BALTIMORE — The altercation between Will Smith and Chris Rock at Sunday’s Oscars was something Baltimore comedian Big Fred Watkins has seen before.
“I’ve had situations where someone came on stage when one of my guys was on stage and we all jumped on stage. I’ve seen those situations before,” he said.
For him, it’s nothing new for a person to get offended or even worse attack a comedian over a joke.
But he believes the difference in Chris Rock’s joke towards Jada Pinkett-Smith was it came across as a targeted and personal attack.
“There is a way that you can feel it’s personal and then someone is saying your name and talking about you. And I think that was a difference. That’s why after Will Smith sat down, one of the things he said was…keep my wife’s name out your mouth.”
The joke that led Will Smith to slap Chris Rock was about Pinkett-Smith becoming the next G.I. Jane because of her bald head.
According to reports, Rock claims he did not know about her struggles with alopecia—a condition that can lead to hair loss.
Even if he did, Watkins says he will never condone an audience member attacking a comedian.
“It’s not cool. It’’s not acceptable,” he said about people storming on stage to confront a comedian.
For Watkins, the incident is just latest example of how the job as a comedian has evolved.
“There are things that was said everyone laughed at 10 to 20 years ago that someone can possibly get canceled for right now,” he said.
Over the years, many comics have said jokes about groups of people or serious issues, which have been considered offensive.
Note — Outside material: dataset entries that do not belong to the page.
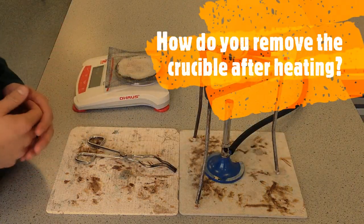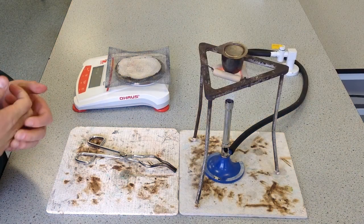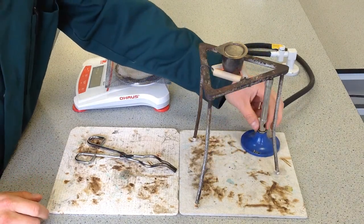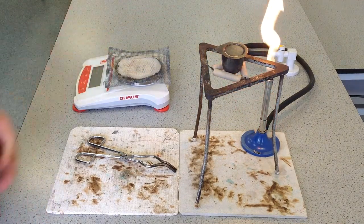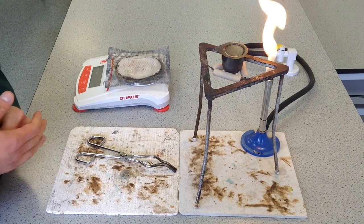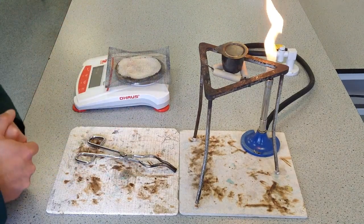Let's imagine you've been heating for some time and now you want to cool the crucible. The first thing to do is remove the heat source — take the Bunsen burner away and put it back onto the safety flame. Then leave it for about a minute to cool down in the pipe-clay triangle. There's no need to remove it; the air circulating will actually help it cool a little bit quicker.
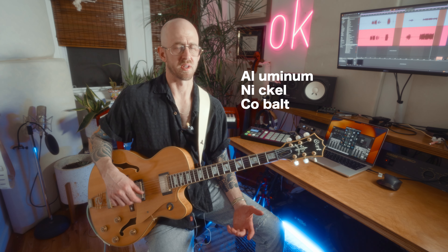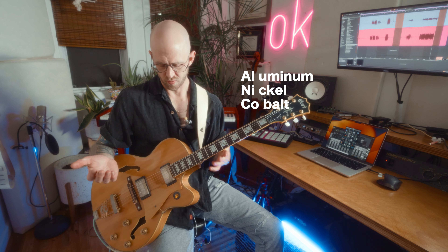These are definitely the Alnico pickups — Alnico 2s. They sound great. That's usually a thing that I upgrade or change in a guitar, but I feel no reason to do that with this.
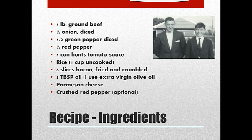Six slices of bacon — you fry it, put it on a paper towel, drain it, and then crumble it. Three tablespoons of oil. Sometimes I use extra virgin olive oil, sometimes I'll use vegetable oil — both work fine. Parmesan cheese, and then optionally crushed red pepper.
For some, it’s been their calling card.
But in recent years, the jokes have come with consequences
Watkins said because of his belief Chris’s joke was a targeted one, comics shouldn’t see it as reason to change their material.
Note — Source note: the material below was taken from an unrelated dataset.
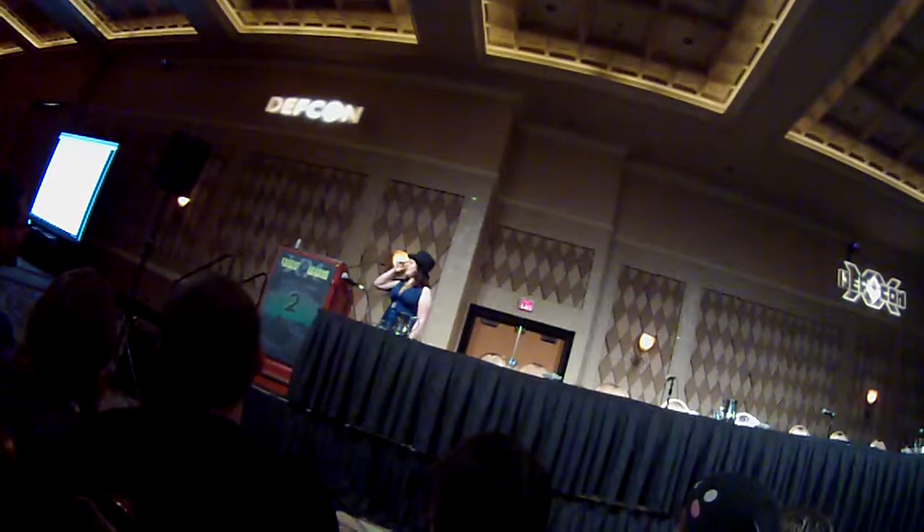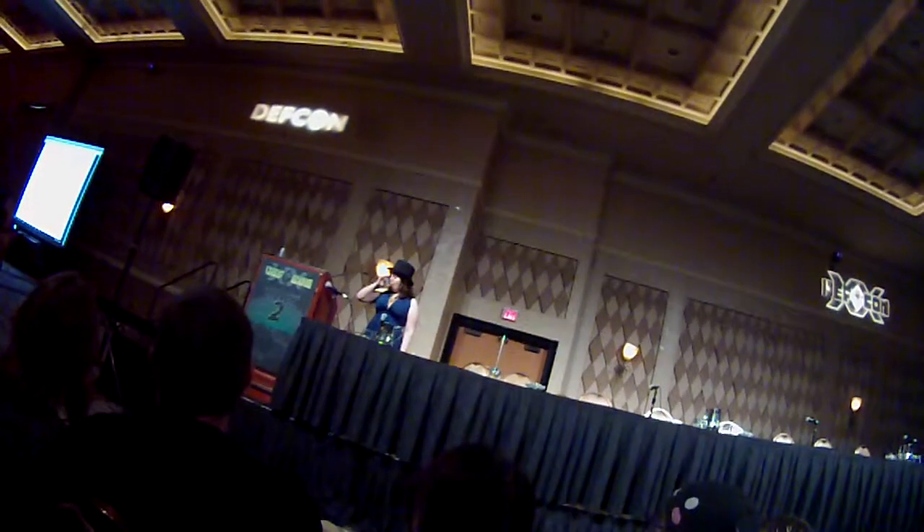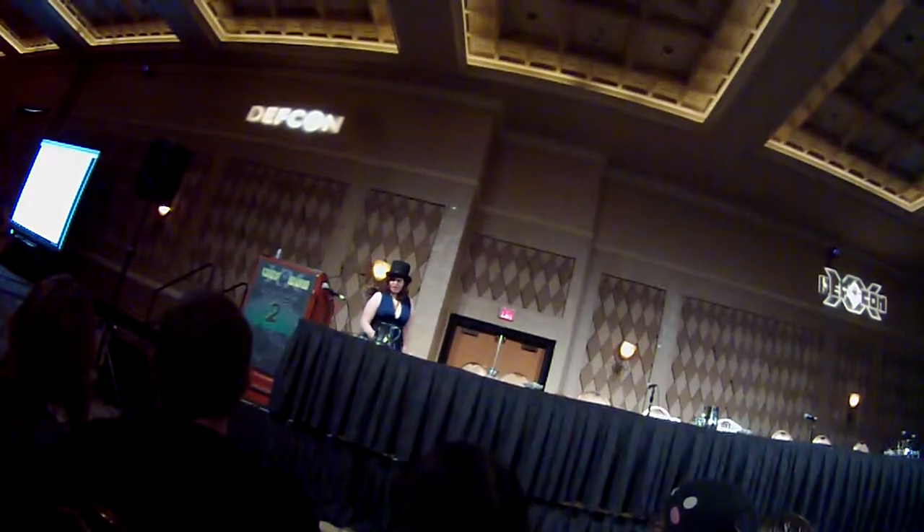Thank you for donating. I'm out of vodka, sorry guys. If anyone's got any more, it's right there.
However, he does believe comedians should be conscious about their audience and who they might offend.
“As long as your opinion is pure, I think sometimes, maybe in the past, you can say a certain line, but now you have to say that line in the middle of why you feel this way and then kind of settling out so people understand,” Watkins said. “It’s not extra work on a comedian but its just once again an evolution it’s just what has to be done so your art can continue to withstand as time continues to evolve.”